Le Mexique, c’est le pays de l’itinérance, des roulottes et des stands qui se font et se défont plus vite qu’une déportation de migrants. C’est le pays du travail à 10 centimes, le pays des pieds noirs et usés, aplanis par le labeur et la déambulation stérile. C’est le pays des pauvres où l’espoir est source de plaisanteries. C’est le pays où tout le monde dort dans le bus, dans le métro, dans la rue, harassés par le rythme qu’aucun parisien ne pourrait tenir.
Le Mexique, c’est le pays où les camionneurs se droguent pour ne pas dormir et celui où les enfants se jettent dans l’eau profonde des côtes de Veracruz pour récupérer, à 40 mètres de fond, les pièces que certains leur lancent. Le Mexique, et ses grandes villes, Mexico en tête, c'est l'abysse du Londres tout fraîchement industrialisé et décrit par Jack London, un abysse qui broie les hommes comme on broie les olives pour en faire de l'huile.
Le Mexique, c’est le pays du maïs, autosuffisant en mais blanc, mais qui importe 80 % du mais jaune, destiné aux bêtes, de chez son cher voisin du nord, les États-Unis d’Amérique, à qui le Mexique vendra ensuite la viande qu'il aura produite, dans la plus évidente démonstration shadokienne de notre système financiarisé et mondialisé.
Le Mexique, c’est le pays de la violence et des faits divers, dont la brutalité inspirent des centaines de films chaque année. C’est le pays du transit, le pont entre le sud et le nord, entre la production des drogues et leurs consommation. Le Mexique, c’est aussi le pays des féminicides (951 en 2022), deuxième en Amérique Latine après le Brésil. C’est le pays où, selon les mots d’un collectif de sororité et de résistance local, "les femmes n’existent que parce qu’elles résistent".
C’est le pays du rebondir, où, quand vous demandez à Jesus, quinquagénaire qui vous a pris en stop, pourquoi, malgré le fait qu’il se soit fait agressé, menacé d’une arme et volé plusieurs fois sa marchandise, il continue encore, il vous répond : « parce que j’ai plus faim que peur ». Le Mexique, c’est aussi le pays des excès, celui de la « mordida » (nom donné par les mexicains à la corruption et la taxe informelle que les officiels ponctionnent quand ils en ont l'occasion) autant que celui de la fête sans fin, de la musique, avec ou sans harpe, de l’amitié et de la famille, sacrés ; du soleil partout et du trafic d’êtres humains, où on peut acheter, aux dires de Jesus, une Chiapaneca pour 25 mille euros pour en faire son esclave.

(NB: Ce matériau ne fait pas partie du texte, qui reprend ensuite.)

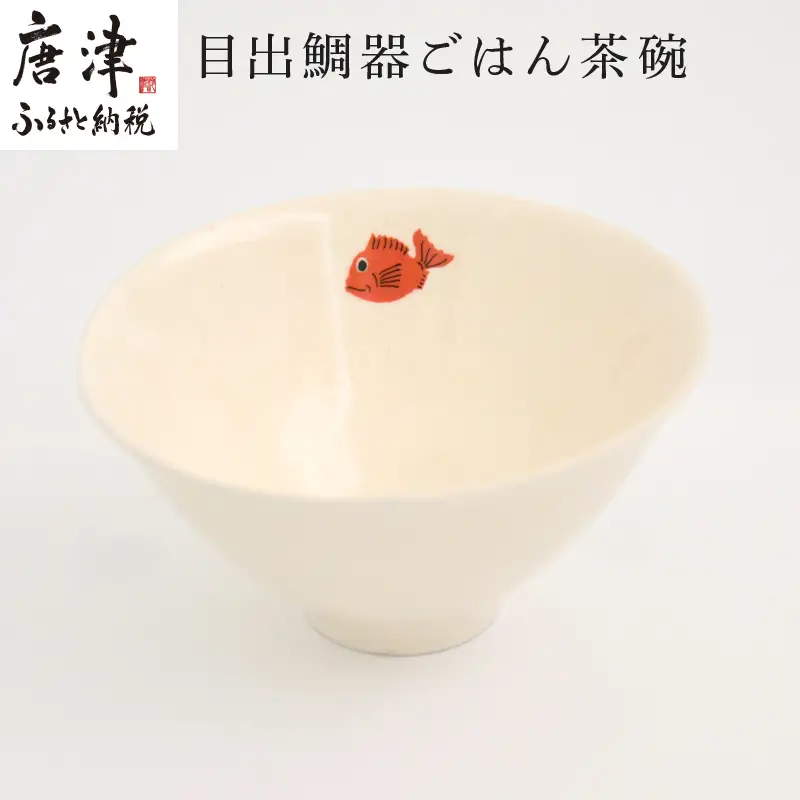 目出鯛器 ごはん茶碗 唐津の焼物 茶碗×1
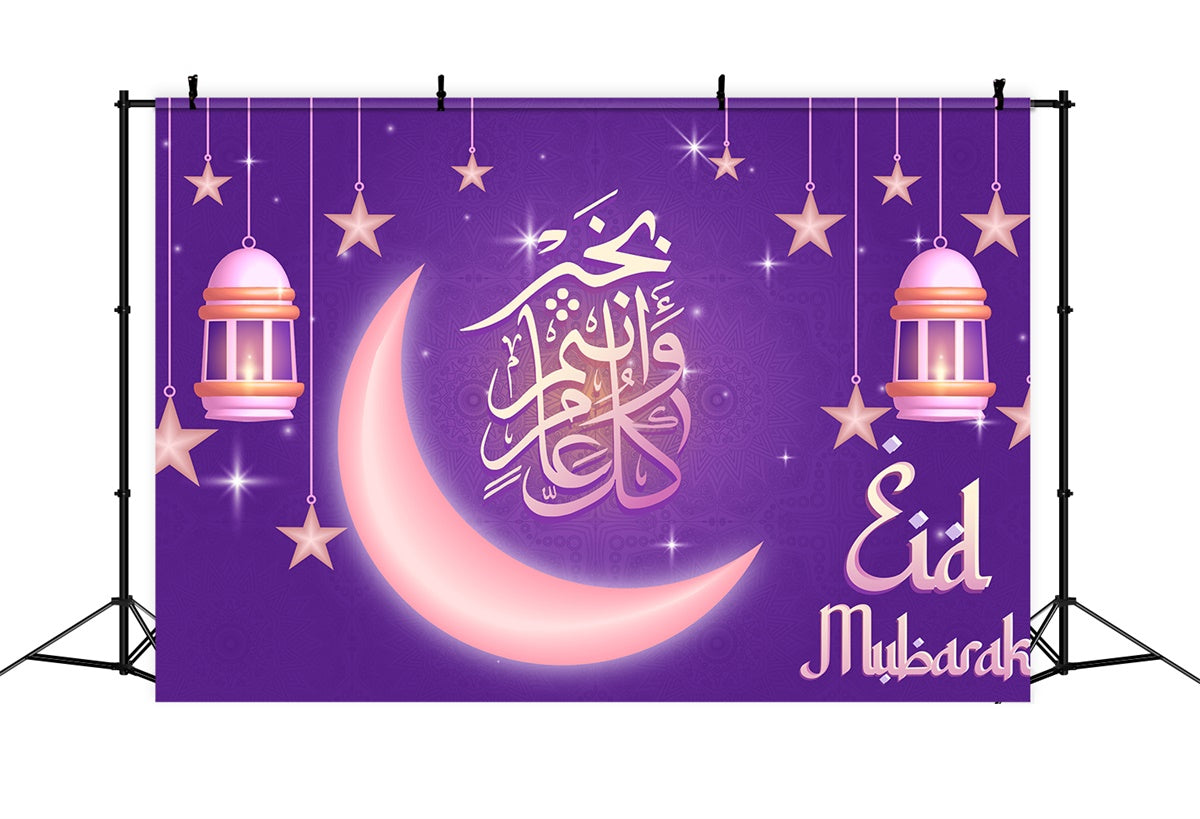 Toile de fond Eid Mubarak Croissant Doré Lanternes Violettes XY2-79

Le Mexique, enfin, c’est le pays des hauts et des bas. Le pays où, quand vous faites du stop prés d’un Oxxo avec une pancarte indiquant votre destination, fatigué au point d'en être asservi, les gens ne vous tendent pas un paquet froissé de billets pour s’émanciper du lien qui pourrait exister entre les éléments d’une société, mais, au contraire, vous demandent si vous avez mangé, et vous payent le repas en écoutant votre histoire. C’est le pays dans lequel je suis né tant de fois nouvelles. C’est le pays dans lequel mon imaginaire est boulimique, où il se nourrit des milliers de récits des cultures, toujours vivantes, qui ont construites ce peuple.
Au Mexique, comme disait Luis Mariano, dont les opérettes ont peuplé mon enfance, « le temps parait trop court pour goûter au bonheur de chaque jour ». J'y ai goûté, encore une fois, et comme c’était trop court, je me suis dis "j'y reviendrai".